## DATA FOR PROCESSING
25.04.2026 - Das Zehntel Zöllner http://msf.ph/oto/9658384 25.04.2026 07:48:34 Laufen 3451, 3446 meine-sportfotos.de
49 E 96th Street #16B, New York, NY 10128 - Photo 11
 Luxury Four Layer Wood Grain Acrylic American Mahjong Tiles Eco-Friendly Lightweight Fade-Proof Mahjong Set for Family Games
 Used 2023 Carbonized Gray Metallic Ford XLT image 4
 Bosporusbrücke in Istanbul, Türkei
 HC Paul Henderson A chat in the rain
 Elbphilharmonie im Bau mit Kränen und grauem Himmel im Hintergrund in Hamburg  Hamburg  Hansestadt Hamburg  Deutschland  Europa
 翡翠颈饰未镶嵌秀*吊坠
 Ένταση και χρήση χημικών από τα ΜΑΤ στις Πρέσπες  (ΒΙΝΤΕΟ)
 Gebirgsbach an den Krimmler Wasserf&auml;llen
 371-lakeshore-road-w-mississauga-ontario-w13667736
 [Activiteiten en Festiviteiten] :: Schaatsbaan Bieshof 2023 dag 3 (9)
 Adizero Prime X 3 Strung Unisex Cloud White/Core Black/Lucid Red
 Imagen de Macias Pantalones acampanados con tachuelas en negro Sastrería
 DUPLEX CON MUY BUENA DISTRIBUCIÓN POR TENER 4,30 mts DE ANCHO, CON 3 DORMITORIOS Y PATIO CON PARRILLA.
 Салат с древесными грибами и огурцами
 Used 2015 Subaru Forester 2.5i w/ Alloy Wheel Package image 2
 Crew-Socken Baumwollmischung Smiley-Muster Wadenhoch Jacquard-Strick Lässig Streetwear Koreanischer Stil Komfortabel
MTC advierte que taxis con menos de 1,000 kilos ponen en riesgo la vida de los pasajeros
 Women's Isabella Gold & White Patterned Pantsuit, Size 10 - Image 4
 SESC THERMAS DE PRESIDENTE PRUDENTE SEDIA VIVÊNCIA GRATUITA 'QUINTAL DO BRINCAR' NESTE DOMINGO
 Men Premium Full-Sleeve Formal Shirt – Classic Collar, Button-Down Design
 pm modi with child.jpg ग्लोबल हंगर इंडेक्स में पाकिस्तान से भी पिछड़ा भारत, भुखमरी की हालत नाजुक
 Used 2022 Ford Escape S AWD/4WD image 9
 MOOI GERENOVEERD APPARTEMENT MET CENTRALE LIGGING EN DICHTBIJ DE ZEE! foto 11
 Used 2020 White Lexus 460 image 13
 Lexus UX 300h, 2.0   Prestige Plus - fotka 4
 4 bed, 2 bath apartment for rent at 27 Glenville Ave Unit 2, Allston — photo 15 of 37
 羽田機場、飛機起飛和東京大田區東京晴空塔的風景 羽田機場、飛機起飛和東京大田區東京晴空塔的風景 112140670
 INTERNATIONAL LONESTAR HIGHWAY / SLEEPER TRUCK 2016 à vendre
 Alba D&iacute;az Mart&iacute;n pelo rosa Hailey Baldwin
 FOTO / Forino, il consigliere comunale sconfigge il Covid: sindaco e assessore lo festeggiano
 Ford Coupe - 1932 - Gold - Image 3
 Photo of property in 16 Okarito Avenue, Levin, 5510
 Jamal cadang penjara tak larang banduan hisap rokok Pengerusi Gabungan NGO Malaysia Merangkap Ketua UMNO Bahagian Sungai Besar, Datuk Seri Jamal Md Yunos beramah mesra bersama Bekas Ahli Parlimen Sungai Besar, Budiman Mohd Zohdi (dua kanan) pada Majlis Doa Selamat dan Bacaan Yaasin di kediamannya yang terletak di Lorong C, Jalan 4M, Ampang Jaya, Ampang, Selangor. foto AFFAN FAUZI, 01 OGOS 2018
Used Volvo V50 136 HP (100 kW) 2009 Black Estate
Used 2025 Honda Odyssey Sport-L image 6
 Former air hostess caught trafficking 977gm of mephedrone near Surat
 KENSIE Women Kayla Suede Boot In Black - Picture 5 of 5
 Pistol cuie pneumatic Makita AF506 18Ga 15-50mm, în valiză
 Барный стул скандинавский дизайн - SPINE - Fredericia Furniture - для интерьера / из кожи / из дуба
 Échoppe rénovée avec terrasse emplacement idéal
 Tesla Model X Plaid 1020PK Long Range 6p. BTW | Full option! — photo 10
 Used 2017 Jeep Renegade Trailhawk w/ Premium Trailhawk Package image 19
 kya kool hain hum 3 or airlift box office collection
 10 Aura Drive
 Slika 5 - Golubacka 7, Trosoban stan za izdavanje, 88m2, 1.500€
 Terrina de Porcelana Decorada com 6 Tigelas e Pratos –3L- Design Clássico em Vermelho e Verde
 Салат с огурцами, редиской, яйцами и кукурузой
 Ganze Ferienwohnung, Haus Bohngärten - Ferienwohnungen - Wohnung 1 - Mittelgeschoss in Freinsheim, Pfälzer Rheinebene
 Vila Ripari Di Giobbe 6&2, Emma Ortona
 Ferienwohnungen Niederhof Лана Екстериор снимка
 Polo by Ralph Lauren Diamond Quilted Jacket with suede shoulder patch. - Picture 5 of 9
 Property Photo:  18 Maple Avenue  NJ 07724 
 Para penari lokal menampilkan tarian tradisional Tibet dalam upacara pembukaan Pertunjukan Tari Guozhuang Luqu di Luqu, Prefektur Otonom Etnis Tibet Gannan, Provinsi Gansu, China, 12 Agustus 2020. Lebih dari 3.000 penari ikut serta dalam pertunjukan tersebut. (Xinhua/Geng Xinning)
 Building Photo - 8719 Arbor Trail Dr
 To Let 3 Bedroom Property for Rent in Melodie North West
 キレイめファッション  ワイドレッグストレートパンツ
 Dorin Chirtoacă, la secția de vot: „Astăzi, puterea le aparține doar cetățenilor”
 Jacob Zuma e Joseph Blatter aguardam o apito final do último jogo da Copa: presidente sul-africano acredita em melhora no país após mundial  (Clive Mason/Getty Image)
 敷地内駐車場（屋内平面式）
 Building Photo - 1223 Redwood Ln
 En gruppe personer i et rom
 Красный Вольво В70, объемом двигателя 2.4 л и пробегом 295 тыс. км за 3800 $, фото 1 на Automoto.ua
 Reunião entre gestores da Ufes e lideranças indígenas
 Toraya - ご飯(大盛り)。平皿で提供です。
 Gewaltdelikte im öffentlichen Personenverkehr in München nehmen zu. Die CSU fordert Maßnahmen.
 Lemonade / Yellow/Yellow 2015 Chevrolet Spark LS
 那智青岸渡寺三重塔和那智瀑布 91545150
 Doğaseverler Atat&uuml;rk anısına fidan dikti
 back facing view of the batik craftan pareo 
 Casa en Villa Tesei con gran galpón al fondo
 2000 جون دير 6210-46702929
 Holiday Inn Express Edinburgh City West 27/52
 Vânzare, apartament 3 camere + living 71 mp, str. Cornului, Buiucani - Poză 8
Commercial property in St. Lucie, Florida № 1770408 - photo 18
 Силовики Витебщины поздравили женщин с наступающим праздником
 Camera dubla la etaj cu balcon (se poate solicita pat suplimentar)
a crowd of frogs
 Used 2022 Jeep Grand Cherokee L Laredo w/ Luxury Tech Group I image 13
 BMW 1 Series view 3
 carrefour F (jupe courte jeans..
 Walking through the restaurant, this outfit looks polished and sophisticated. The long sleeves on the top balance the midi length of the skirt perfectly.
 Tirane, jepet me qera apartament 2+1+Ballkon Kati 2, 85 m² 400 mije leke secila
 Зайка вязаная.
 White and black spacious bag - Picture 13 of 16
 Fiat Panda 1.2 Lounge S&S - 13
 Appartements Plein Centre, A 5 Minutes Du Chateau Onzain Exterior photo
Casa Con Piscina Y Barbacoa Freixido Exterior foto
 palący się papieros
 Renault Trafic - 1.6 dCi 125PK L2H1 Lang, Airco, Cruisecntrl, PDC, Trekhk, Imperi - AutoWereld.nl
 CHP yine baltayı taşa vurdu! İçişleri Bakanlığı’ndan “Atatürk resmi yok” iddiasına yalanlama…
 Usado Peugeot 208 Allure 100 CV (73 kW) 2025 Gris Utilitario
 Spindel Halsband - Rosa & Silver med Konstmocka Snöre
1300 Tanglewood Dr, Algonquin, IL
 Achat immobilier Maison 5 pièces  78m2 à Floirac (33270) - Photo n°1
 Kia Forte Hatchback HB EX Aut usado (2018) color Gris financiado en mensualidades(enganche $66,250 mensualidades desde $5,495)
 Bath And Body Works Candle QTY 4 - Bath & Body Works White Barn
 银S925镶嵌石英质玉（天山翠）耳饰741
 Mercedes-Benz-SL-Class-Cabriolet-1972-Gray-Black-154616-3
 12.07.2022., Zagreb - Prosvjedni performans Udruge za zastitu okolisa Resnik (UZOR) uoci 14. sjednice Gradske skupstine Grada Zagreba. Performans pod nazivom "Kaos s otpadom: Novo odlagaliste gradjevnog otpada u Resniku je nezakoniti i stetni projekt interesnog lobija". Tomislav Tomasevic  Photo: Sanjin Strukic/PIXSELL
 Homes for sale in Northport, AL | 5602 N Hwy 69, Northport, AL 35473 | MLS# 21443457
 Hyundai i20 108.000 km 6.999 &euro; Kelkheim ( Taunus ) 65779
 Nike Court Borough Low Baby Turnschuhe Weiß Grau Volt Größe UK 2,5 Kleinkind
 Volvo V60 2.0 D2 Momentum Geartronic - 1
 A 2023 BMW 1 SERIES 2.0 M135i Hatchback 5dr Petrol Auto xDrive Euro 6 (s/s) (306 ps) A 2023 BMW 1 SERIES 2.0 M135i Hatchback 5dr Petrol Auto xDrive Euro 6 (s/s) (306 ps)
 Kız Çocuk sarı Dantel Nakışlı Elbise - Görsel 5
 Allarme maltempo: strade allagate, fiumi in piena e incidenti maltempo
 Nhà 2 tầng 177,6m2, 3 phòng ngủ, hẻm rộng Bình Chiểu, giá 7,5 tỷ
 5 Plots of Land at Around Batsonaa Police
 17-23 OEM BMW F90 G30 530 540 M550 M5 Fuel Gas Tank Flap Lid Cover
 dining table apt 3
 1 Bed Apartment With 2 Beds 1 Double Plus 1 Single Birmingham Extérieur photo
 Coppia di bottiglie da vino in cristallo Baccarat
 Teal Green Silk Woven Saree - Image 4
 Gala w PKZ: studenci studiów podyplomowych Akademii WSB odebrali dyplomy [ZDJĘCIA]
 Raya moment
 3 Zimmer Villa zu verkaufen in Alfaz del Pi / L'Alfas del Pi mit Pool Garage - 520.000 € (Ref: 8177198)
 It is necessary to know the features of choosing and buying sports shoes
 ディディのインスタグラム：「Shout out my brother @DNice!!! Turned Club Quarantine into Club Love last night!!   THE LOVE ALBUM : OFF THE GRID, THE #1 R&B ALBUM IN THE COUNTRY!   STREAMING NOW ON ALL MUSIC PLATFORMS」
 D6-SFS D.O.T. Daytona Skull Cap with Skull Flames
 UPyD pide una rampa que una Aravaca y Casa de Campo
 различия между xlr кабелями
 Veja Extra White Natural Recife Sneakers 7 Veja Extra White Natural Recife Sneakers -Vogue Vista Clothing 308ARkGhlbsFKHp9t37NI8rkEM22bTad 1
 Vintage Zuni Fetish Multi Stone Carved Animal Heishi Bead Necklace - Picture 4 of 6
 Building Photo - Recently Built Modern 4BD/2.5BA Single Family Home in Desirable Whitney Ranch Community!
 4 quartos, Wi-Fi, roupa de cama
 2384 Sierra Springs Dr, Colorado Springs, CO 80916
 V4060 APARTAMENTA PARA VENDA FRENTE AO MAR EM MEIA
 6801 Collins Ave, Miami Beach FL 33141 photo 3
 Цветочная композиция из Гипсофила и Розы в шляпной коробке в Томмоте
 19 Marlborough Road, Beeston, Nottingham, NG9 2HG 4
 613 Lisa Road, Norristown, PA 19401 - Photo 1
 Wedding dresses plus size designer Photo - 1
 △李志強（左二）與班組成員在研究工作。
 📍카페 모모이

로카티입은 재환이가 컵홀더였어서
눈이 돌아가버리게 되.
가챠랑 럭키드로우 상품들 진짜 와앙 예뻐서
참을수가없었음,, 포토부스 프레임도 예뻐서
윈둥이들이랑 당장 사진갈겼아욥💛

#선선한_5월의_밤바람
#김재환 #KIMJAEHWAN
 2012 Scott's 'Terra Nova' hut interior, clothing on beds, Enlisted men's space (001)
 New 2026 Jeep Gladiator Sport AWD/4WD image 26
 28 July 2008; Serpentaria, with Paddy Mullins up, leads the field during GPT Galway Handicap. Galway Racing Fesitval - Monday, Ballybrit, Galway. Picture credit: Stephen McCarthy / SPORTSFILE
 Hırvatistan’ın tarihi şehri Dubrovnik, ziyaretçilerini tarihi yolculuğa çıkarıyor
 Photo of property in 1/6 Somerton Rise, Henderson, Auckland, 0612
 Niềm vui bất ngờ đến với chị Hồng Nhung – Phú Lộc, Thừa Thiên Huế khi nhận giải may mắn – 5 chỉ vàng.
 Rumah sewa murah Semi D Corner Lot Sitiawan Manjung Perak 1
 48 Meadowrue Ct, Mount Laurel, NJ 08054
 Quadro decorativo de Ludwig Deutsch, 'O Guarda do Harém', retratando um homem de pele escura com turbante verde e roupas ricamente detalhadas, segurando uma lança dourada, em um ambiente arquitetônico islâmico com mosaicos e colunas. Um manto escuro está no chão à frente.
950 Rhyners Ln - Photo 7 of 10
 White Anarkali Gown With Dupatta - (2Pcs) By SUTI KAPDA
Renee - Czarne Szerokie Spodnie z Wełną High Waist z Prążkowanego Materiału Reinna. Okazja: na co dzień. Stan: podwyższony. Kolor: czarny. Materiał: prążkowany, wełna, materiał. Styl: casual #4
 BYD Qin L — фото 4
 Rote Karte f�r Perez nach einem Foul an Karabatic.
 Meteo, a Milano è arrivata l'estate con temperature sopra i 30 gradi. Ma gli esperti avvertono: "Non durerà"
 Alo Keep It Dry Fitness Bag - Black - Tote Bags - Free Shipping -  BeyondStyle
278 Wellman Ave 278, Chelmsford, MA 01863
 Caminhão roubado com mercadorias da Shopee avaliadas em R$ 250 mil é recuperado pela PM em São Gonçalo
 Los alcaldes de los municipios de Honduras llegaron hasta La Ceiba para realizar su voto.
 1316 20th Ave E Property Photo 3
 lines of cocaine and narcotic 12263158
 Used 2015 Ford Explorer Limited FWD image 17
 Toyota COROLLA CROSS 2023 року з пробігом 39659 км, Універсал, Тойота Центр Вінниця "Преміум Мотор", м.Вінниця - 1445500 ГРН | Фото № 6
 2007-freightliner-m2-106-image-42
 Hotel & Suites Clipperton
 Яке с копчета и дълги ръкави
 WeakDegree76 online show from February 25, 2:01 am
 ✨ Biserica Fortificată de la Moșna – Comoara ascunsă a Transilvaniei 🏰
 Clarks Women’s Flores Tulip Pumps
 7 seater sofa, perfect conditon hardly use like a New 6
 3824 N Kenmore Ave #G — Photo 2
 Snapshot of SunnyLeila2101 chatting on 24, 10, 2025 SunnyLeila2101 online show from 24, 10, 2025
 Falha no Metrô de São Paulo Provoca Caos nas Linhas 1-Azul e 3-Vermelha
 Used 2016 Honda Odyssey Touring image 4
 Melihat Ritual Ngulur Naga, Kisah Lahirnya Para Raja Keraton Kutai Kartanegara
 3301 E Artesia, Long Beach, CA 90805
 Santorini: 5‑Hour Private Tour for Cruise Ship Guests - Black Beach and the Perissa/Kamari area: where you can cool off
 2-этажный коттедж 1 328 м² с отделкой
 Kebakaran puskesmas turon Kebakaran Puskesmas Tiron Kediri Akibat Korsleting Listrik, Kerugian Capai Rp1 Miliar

## WHAT IS REQUIRED
Begin with the first line of the records and finish with the line containing "Ένταση και χρήση". Reproduce those lines exactly, both ends included, and nothing else.

## REPLY TO THE TASK
25.04.2026 - Das Zehntel Zöllner http://msf.ph/oto/9658384 25.04.2026 07:48:34 Laufen 3451, 3446 meine-sportfotos.de
49 E 96th Street #16B, New York, NY 10128 - Photo 11
 Luxury Four Layer Wood Grain Acrylic American Mahjong Tiles Eco-Friendly Lightweight Fade-Proof Mahjong Set for Family Games
 Used 2023 Carbonized Gray Metallic Ford XLT image 4
 Bosporusbrücke in Istanbul, Türkei
 HC Paul Henderson A chat in the rain
 Elbphilharmonie im Bau mit Kränen und grauem Himmel im Hintergrund in Hamburg  Hamburg  Hansestadt Hamburg  Deutschland  Europa
 翡翠颈饰未镶嵌秀*吊坠
 Ένταση και χρήση χημικών από τα ΜΑΤ στις Πρέσπες  (ΒΙΝΤΕΟ)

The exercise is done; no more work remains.